● ABOUT THIS TASK
Here are the records. Write out exactly the lines between the one holding "Mother Tries To" and the one holding "Pedestrians and riders", inclusive.

● MATERIAL TO PROCESS
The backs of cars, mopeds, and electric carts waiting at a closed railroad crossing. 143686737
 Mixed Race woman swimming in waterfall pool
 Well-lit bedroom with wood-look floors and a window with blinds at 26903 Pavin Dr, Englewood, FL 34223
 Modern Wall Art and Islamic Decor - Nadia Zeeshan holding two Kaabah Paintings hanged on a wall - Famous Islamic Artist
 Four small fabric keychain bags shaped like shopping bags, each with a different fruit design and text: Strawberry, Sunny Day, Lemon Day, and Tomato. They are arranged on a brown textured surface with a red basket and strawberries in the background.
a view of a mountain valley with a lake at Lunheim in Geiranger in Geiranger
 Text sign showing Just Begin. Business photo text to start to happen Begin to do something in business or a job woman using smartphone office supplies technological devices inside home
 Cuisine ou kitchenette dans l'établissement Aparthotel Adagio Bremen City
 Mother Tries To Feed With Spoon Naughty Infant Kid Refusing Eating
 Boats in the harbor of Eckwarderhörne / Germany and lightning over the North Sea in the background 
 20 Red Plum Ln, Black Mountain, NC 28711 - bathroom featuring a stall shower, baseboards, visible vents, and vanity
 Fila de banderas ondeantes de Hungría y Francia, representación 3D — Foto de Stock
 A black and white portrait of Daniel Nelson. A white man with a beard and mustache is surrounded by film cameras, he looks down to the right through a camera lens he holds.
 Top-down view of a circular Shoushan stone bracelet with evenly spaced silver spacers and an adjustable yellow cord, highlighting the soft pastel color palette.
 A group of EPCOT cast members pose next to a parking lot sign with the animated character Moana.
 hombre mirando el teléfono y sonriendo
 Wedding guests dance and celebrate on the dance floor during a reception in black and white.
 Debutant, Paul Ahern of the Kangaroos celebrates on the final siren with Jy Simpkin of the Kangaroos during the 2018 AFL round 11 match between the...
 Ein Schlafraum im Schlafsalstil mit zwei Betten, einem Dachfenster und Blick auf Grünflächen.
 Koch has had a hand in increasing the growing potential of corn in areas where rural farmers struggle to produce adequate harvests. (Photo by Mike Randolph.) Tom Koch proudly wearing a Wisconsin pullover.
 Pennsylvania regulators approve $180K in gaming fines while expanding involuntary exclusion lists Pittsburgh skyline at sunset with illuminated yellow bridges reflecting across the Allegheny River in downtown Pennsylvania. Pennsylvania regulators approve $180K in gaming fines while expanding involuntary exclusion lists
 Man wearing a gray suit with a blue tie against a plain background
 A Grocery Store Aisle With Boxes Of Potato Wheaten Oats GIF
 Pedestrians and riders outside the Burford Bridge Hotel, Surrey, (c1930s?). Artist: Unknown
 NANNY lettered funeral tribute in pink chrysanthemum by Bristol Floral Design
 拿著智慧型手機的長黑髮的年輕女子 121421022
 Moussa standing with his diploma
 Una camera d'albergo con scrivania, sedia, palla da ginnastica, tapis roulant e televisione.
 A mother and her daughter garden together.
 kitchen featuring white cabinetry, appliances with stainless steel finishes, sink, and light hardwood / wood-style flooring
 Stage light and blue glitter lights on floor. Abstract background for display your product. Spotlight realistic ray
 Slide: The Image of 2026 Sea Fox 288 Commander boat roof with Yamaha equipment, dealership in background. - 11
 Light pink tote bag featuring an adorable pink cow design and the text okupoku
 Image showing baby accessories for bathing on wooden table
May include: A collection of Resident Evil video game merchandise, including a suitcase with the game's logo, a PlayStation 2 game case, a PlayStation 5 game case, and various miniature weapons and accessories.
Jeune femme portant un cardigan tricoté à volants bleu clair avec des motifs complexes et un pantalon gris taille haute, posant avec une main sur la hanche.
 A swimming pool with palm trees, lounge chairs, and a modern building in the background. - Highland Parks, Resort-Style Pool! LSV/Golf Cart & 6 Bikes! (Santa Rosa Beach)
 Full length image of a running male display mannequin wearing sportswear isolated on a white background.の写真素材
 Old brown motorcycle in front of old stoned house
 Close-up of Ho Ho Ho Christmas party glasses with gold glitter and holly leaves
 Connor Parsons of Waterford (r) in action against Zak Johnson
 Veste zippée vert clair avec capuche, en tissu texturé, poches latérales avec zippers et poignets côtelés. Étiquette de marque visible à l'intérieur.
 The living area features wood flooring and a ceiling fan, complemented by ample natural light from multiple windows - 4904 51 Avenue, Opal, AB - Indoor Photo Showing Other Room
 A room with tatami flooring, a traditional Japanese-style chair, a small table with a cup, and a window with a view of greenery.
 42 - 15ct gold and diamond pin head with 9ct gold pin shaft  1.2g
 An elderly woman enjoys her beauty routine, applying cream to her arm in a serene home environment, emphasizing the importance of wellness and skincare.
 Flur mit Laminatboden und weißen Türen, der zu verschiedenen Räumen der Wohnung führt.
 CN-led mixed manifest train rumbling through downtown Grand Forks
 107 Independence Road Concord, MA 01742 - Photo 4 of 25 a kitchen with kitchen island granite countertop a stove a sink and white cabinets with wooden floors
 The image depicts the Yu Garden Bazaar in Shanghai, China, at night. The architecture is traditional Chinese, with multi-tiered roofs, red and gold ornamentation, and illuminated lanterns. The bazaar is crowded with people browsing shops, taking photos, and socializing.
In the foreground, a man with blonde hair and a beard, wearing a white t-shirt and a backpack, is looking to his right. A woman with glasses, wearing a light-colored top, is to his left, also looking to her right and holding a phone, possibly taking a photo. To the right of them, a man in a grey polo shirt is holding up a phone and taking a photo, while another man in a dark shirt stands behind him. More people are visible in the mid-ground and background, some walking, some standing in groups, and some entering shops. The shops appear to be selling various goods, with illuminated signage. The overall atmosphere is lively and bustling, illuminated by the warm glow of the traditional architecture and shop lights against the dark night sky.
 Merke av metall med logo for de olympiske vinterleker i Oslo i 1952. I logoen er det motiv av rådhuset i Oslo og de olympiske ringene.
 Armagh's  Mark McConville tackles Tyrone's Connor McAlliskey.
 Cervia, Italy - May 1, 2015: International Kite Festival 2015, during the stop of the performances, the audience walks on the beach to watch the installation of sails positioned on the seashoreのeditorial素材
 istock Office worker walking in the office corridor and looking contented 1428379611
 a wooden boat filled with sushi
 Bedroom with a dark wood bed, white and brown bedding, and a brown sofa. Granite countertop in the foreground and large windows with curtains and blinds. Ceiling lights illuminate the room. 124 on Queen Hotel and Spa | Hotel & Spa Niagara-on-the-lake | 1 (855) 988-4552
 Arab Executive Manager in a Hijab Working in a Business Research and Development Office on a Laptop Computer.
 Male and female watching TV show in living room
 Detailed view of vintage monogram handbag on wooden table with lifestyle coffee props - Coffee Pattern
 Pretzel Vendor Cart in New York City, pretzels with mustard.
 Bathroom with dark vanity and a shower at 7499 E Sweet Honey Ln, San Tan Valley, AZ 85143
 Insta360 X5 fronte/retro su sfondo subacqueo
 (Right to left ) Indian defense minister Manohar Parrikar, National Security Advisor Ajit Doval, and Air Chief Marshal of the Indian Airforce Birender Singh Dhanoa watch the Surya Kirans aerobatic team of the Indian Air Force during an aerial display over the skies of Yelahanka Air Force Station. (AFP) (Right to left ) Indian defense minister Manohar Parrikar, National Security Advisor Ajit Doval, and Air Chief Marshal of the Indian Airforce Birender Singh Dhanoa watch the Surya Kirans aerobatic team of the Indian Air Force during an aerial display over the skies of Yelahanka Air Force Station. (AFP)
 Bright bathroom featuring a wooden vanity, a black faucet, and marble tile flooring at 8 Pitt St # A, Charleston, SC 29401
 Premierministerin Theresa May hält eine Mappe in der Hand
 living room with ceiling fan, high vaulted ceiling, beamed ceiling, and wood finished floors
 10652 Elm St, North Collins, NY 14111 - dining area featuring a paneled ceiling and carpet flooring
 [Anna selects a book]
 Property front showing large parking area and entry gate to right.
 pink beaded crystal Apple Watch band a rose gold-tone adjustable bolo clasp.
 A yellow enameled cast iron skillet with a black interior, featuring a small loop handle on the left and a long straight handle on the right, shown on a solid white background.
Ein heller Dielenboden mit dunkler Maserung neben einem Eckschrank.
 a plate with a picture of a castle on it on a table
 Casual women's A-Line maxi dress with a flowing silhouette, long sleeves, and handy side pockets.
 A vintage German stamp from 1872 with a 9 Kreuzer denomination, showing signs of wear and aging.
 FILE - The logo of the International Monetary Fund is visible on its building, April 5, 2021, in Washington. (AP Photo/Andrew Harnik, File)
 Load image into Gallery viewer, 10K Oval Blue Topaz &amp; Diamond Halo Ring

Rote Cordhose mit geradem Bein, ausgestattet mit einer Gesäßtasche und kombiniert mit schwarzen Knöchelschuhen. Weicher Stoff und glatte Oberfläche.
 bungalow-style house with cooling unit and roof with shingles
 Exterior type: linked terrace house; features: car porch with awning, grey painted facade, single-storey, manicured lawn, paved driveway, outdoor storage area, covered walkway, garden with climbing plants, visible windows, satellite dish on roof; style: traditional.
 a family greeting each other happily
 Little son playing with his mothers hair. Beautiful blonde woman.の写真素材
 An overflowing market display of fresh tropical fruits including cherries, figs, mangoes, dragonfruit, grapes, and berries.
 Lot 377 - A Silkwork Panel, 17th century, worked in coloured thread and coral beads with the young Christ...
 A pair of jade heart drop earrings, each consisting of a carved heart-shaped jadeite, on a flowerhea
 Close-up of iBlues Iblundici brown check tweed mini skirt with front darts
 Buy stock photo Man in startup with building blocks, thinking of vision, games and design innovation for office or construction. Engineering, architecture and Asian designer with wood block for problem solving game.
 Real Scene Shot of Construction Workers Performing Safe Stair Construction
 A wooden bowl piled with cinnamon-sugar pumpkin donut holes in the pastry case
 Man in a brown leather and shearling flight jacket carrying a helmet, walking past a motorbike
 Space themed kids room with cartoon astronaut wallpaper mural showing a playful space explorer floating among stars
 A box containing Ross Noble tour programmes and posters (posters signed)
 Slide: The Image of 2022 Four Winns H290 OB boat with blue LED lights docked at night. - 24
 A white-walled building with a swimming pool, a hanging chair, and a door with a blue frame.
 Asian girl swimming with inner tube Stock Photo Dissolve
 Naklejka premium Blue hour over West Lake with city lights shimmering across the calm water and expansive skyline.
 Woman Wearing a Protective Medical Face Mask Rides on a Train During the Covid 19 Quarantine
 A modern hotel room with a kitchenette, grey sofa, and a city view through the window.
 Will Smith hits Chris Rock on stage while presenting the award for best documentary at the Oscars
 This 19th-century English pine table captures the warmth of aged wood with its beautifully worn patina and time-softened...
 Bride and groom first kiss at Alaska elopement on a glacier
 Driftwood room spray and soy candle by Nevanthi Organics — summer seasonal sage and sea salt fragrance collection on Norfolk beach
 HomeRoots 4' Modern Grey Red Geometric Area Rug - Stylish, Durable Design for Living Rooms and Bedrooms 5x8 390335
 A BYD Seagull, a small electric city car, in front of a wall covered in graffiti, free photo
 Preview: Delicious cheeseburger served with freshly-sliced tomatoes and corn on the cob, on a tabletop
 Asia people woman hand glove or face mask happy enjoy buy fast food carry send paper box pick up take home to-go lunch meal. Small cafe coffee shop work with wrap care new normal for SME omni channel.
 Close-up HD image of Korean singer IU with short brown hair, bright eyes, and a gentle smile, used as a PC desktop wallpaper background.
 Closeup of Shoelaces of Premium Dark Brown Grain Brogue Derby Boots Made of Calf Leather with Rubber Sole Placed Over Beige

● EXPECTED OUTPUT
 Mother Tries To Feed With Spoon Naughty Infant Kid Refusing Eating
 Boats in the harbor of Eckwarderhörne / Germany and lightning over the North Sea in the background 
 20 Red Plum Ln, Black Mountain, NC 28711 - bathroom featuring a stall shower, baseboards, visible vents, and vanity
 Fila de banderas ondeantes de Hungría y Francia, representación 3D — Foto de Stock
 A black and white portrait of Daniel Nelson. A white man with a beard and mustache is surrounded by film cameras, he looks down to the right through a camera lens he holds.
 Top-down view of a circular Shoushan stone bracelet with evenly spaced silver spacers and an adjustable yellow cord, highlighting the soft pastel color palette.
 A group of EPCOT cast members pose next to a parking lot sign with the animated character Moana.
 hombre mirando el teléfono y sonriendo
 Wedding guests dance and celebrate on the dance floor during a reception in black and white.
 Debutant, Paul Ahern of the Kangaroos celebrates on the final siren with Jy Simpkin of the Kangaroos during the 2018 AFL round 11 match between the...
 Ein Schlafraum im Schlafsalstil mit zwei Betten, einem Dachfenster und Blick auf Grünflächen.
 Koch has had a hand in increasing the growing potential of corn in areas where rural farmers struggle to produce adequate harvests. (Photo by Mike Randolph.) Tom Koch proudly wearing a Wisconsin pullover.
 Pennsylvania regulators approve $180K in gaming fines while expanding involuntary exclusion lists Pittsburgh skyline at sunset with illuminated yellow bridges reflecting across the Allegheny River in downtown Pennsylvania. Pennsylvania regulators approve $180K in gaming fines while expanding involuntary exclusion lists
 Man wearing a gray suit with a blue tie against a plain background
 A Grocery Store Aisle With Boxes Of Potato Wheaten Oats GIF
 Pedestrians and riders outside the Burford Bridge Hotel, Surrey, (c1930s?). Artist: Unknown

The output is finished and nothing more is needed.